Fig. 1 is a schematic sectional view showing a conventional O-roll type continuous casting machine, Fig. 2 is a schematic sectional view showing a conventional block type continuous casting machine, and Figs. 3 and 4 are respectively a conventional roll type continuous casting machine. FIG. 5 is a schematic sectional view showing a preferred embodiment of a roll-type continuous casting apparatus that implements the method of the present invention, and FIG. 6 is the same. 1 is an enlarged schematic sectional view of a main part showing a preferred embodiment of a block type continuous casting apparatus. In addition, 1 and 7 in the figure are cold F! exemplifying cooling molds. 10-
2 and 22 are molten steel or molten steel flow; 3 and 10 are frames and nozzles that are examples of warm inlets; 3a and 10a are frames that are examples of end portions of stud inlets; The nozzle tips 4 and 40 are the boundaries between the end of the warm inlet and the facing part of the cold NJ mold, and 6 and 11 are cast steel plates. Patent applicant: Patent attorney representing Ishikawajima-Harima Heavy Industries Co., Ltd.

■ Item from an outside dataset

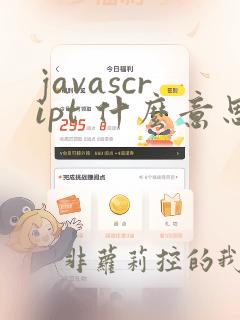 javascript 什么意思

Nobuo KinutaniFigure 3Figure 4Figure 5Figure 6

Claims (1)

[Claims] When molten steel is continuously injected between cooling molds that move circumferentially in the same direction while facing each other while being appropriately spaced apart from each other, it is necessary to The molten steel is poured so as to hit the boundary, and a molten steel flow is formed at the boundary from the end of the warm inlet to the opposite part of the cooling mold, increasing the flow rate between the molds to form a steel plate. A continuous casting method for steel sheets.